Taking the Initiative

Today: System Initiative launches a new visually oriented approach to managing infrastructure, AWS throws money at generative AI, and this week in enterprise moves.

An aerial view of a Google Cloud data center in Iowa at sunset or sunrise, it's tough to tell.
A Google Cloud data center in Iowa. Credit: chaddavis.photography/CC 2.0

Welcome to Runtime! Today: System Initiative launches a new visually oriented approach to managing infrastructure, AWS throws money at generative AI, and this week in enterprise moves.


Visualize world infrastructure

More than ten years after the DevOps revolution promised to reduce friction to shipping software, Adam Jacob still thinks the workflow required to deploy applications out into the world is too difficult. So he and a small team of engineers created a new way to visualize that workflow, and they think it could transform the way companies ship software.

Jacob and co-founder Mahir Lupinacci are finally ready to talk about System Initiative, their new startup that officially launched Wednesday.

  • The company was founded in 2019 and has already raised $18 million in funding to create a private beta of what Jacob called a "simulator" that models a company's tech infrastructure — on either cloud services or on-premises servers — using digital twins technology.
  • It allows users to basically drag and drop computing resources into a staging area to prepare for deploying an application, detecting implementation errors and even rewriting code as needed to make sure everything will work when the time is right.
  • "The tasks that we ask people to do, or the ways the tools that we ask them to use fit together, basically hasn't changed since 2009," said Jacob, CEO of the new company, in a recent interview.

If HashiCorp acquired Figma and redesigned Terraform as a whiteboard, System Initiative might be the result.

  • When operations engineers fire it up, they're greeted with a digital "workspace" that features a list of the computing resources available to them at their company and the components of their applications.
  • The workspace lets users literally draw the connections between all the components necessary to deploy the application and points out any flaws in their configuration models as needed.
  • And as users make changes to one part of the puzzle, System Initiative can automatically adjust other components that now require slightly different marching orders.

System Initiative believes it can replace CI/CD tools, which have soared in popularity, as well as the broader world of infrastructure-as-code tool providers, which includes the major cloud companies.

  • "For SI to cover a large range of use cases it will be crucial to get enterprises excited about the implication of nearly complete infrastructure automation and validation to make them want to contribute staff hours to the SI open source project that aims to create the scripts that implement the policy rules, validations, and automations needed for broad production use of the new platform," wrote analyst Torsten Volk.
  • There have been a lot of tools that claim they can live up to the promise of DevOps, which brought software developers and operations engineers closer together but, in some ways, only underscored the divisions between their work.
  • This is certainly a different approach, however, and if System Initiative can back up the flashy demo with a reliable product Jacob and his team might be onto something.

Read the full story on Runtime here.


Nice round numbers

AWS has been much quieter than its cloud rivals during the generative AI frenzy this year. While Microsoft and Google have been at the forefront of the AI hype cycle, AWS CEO Adam Selipsky is taking the long view.

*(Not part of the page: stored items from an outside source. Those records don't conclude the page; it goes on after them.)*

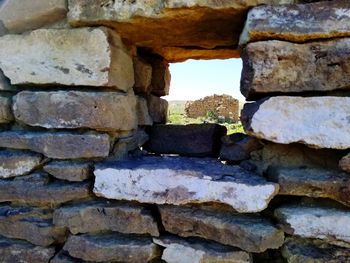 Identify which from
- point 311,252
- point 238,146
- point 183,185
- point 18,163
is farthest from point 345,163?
point 18,163

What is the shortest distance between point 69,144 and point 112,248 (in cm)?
47

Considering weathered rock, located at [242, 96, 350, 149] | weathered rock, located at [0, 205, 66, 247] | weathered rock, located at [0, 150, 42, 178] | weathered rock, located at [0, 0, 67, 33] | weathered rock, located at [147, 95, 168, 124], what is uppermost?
weathered rock, located at [0, 0, 67, 33]

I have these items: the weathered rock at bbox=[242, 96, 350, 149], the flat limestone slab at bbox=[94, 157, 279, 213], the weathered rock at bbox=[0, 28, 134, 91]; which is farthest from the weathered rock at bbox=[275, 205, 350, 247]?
the weathered rock at bbox=[0, 28, 134, 91]

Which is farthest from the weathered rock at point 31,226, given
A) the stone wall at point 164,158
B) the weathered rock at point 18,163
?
the weathered rock at point 18,163

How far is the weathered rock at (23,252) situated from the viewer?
1.50 meters

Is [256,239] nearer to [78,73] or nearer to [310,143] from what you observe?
[310,143]

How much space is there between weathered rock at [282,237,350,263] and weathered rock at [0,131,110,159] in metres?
0.83

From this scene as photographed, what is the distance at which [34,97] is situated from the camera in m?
1.51

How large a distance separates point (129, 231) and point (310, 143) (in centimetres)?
79

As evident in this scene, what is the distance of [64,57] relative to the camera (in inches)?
59.1

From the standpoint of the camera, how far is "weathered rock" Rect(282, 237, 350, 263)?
1.22 metres

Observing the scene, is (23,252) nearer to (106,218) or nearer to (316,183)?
(106,218)

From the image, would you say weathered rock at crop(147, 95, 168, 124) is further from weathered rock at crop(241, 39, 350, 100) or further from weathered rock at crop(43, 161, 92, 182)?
weathered rock at crop(241, 39, 350, 100)

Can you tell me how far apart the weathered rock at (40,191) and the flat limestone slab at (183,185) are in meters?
0.10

“You ask yourself the question — where are the different runners three steps into a 10K race?” Selipsky told CNBC ahead of AWS's announcement that it will invest $100 million in something called the "AWS Generative AI Innovation Center." That is, of course, what people who aren't in the lead say about their chances, but it's also true that it's going to take some time for enterprise customers to understand exactly how they want to implement these technologies.

That's presumably what the "Innovation Center" will hope to accomplish; enterprise vendors have these kinds of customer hand-holding programs for pretty much everything they sell. But they're going to have to find the budget for it: Selipsky told CNBC that "we’re still in the middle" of a slowdown as customers rein in their spending, and declined to offer an assessment of exactly how far into that race AWS is at the moment.


Enterprise moves

Daniel Zhang stepped down as Alibaba CEO to orchestrate the spin-off of its cloud division.

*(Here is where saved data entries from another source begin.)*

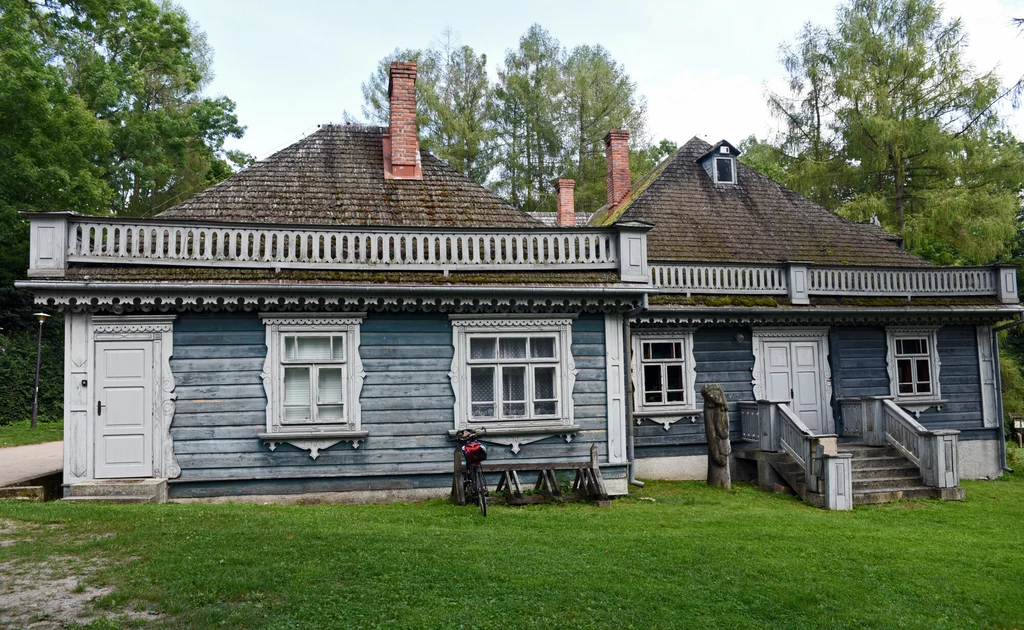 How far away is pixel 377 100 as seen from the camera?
34.9m

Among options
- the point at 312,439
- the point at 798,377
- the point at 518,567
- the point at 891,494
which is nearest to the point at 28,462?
the point at 312,439

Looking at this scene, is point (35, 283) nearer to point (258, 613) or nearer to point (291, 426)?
point (291, 426)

Zaid Kahn of Microsoft is the new board chair of the Open Compute Project, and Google's Amber Huffman joined the board.

Sean Moriarty is the new CEO of Primer.ai, after serving as CEO of Leaf Group (formerly known as Demand Media).


The Runtime roundup

Microsoft laid out a ten-year roadmap for its quantum computing project and unveiled a new project to combine quantum computing assets with AI and classical computing resources.

Twitter is robbing Oracle to pay Google, which … sure, fine, whatever.

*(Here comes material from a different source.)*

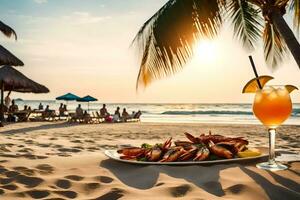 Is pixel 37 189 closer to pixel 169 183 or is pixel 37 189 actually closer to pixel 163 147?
pixel 169 183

MongoDB launched new capabilities for its Atlas cloud database that will help customers jump on the generative AI bandwagon.

MotherDuck's serverless version of the open-source DuckDB database is now a cloud service open by invitation.

A SSD stolen from one of SAP's data centers was available on eBay until an SAP employee noticed and purchased it, and that person should get a raise.


Thanks for reading — see you Saturday!